Background & Motivation¶

Background: NAS has become the de facto standard for automatically searching network structures for various vision tasks. Early methods required training thousands of candidates from scratch, incurring exorbitant GPU costs. Subsequent works (weight-sharing supernets, DARTS-style differentiable relaxation, progressive shrinking in OFA/BigNAS) amortized the cost but remained stuck in the "train-validate-retrain" paradigm, requiring full pipeline reruns when datasets or deployment constraints changed. To eliminate training entirely, training-free NAS (zero-cost proxies) emerged, calculating scores based on lightweight statistics of weights, gradients, or features in a random (or near-random) initialization state within seconds.

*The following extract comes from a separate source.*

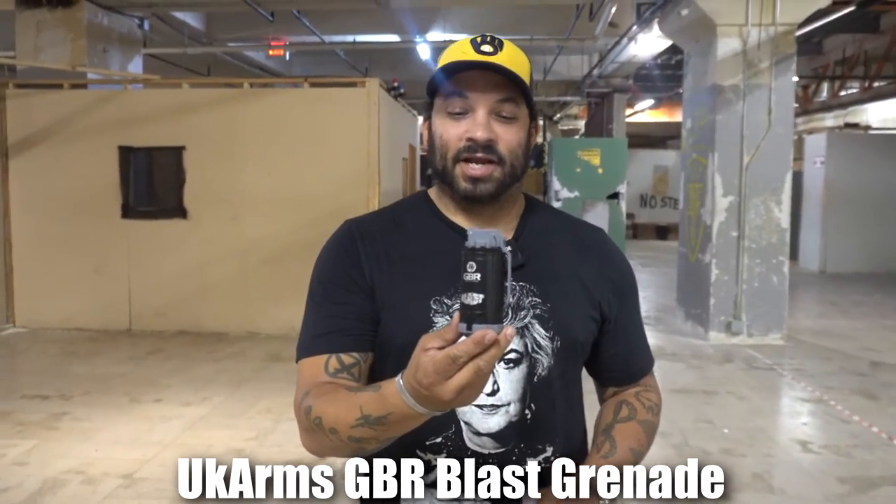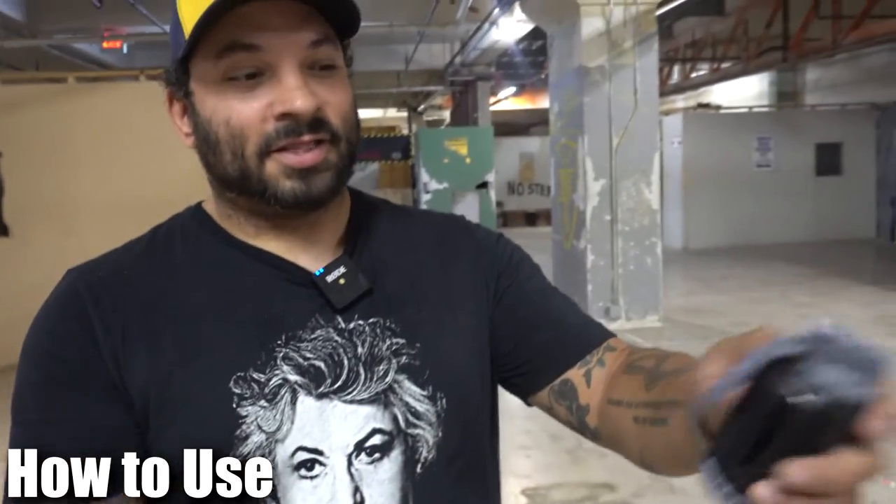Hey everybody, Carl here from Airsoft Arena and the Airsoft Headquarters. Quick tutorial on how to use the UK Arms GBR blast grenade. Notice this is what it looks like when it is fully primed. You'll pull the pin and let the hammer go — it throws BBs.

Limitations of Prior Work: This speedup comes at a cost. First, Rank Accuracy Drops: many proxies are heuristics measuring expressive power or trainability of untrained networks, but network behavior changes unpredictably after training. Others rely on strong theoretical assumptions that seldom hold in practice, leading to training-free searched architectures being outperformed by training-based ones. Second, Architecture Family Binding: CNN-oriented proxies yield disastrous results when applied to Transformer search spaces; some even require specific layers like ReLU. Most training-free methods target only CNNs or Transformers, leaving new architectures like Mamba or RWKV without corresponding proxies.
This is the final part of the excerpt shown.